Cincinnati, Indianapolis, St. L. & Chic. Ry. Co. v. Geisel, 119 Ind. 77, 21 N.E. 470. Here the grantor released and quit-claimed to the railway company a right of way 80 feet [*224] [***6] wide for a recited consideration, and it was held the company did not acquire the fee to said property, the court using this language:
"It does not follow that because a railroad company may take an estate in fee, or a right of way of a defined width, it does take such an estate, or such a right of way, for parties may by their contract create a less estate than a fee, or a right less in extent than that which the law authorizes the grantee to acquire."
Robinson v. Missisquoi R. Co., etc., 59 Vt. 426. In this case the grantor quit-claimed and released to the company all his right, title and interest in and to a described tract of land, for the use of a plank road, the habendum being "to the company, its successors and assigns forever." The court says that the language used in the granting part of the deed and the habendum was that commonly used to convey a fee but that the remaining clause "for the use of a plank [**764] road" was language such as would naturally be used to limit or qualify the grant and was sufficient to change it from a fee to an easement.
Abercrombie v. Simmons, et al., 71 Kan. 538, 1 L.R.A. (N. S.) 806, 6 Anno.
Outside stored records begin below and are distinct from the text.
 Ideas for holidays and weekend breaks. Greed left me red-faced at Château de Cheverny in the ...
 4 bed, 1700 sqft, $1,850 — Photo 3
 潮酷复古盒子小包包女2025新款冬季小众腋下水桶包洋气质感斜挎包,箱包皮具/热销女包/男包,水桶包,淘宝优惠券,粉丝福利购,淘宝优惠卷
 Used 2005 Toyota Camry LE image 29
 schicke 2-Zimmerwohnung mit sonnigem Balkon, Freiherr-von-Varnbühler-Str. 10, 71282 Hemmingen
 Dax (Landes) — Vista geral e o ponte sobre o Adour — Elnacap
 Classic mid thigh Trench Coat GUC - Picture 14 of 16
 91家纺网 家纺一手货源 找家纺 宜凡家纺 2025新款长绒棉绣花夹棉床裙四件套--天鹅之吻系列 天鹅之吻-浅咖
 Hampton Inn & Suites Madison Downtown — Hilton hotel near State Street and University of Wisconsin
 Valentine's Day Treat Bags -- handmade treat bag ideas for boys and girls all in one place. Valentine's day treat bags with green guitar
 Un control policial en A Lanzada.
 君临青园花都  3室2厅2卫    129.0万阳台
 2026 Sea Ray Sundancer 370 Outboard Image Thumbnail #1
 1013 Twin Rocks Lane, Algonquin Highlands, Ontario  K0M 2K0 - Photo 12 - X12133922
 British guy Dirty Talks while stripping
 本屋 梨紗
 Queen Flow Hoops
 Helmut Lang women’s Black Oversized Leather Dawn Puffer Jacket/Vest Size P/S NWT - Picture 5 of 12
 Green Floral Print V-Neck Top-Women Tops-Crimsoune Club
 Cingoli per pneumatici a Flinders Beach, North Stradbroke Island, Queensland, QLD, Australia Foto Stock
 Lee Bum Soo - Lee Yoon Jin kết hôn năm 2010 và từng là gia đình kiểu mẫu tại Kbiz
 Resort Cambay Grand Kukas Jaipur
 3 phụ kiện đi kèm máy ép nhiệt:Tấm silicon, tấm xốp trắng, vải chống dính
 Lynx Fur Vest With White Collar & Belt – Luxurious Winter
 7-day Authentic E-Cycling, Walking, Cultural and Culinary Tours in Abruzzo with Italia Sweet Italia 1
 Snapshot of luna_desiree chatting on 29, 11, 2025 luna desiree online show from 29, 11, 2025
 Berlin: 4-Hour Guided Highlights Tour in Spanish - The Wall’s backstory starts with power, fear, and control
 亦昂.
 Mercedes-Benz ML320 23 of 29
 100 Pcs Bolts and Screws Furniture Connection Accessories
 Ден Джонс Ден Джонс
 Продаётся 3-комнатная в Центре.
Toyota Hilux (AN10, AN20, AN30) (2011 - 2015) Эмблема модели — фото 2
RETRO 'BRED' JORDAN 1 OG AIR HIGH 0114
Cases 242, 81 P. 208. [***7] Here the land acquired by the company was described as all the lands in a named township lying within fifty feet of the center line of the main track of the railroad and containing 6 23/100 acres, more or less. In this well reasoned opinion the court cites many authorizes on the question in issue and holds that the company acquired merely a right of way and was not vested with an absolute title to the property; that the interest conveyed was limited by the use for which the land was acquired, and when that use is abandoned the property should revert, and this though the deed was in form a general warranty. The foregoing are but few of the many decisions to the same effect.
We cannot agree with the argument that the judgment in the condemnation proceedings to establish the public road operates as a bar to the prosecution of the present action. While it is admitted appellee was named as a defendant in said proceedings it is not shown he was ever summoned or had any notice of said proceedings, and the very paper relied upon by appellant is contradictory of such a conclusion.
According to the testimony introduced by appellee there was a large amount of stone in the bridge abutments, [***8] and also a quantity of ballast on the right of way, but the amount of the judgment is not questioned.
[*225] Not only was title to the abandoned roadway under the Moore deed in appellee, but under the agreement of March 26, 1912, the county could not take from him the land upon which the road was established, and at the same time refuse to perform its part of the contract under which it acquired his interest in said land. As said in 7 R. C. L. 677, where a corporation receives the money or property of another under an agreement or duty to account therefor it may be compelled to perform such duty although the transaction was ultra vires. Walker v. City of Richmond, 173 Ky. 26, 189 S.W. 1122.
We are not satisfied the court was correct in sustaining the demurrer to appellee's first pleading, but since in the second amended petition the cause of action was changed, without objection, and as this was the issue the parties elected to try and appellee was awarded the same amount he asked in his original petition he will be treated as having been fully compensated for all the damages sustained by him.
Finding no error in the judgment appealed from, same is accordingly [***9] affirmed.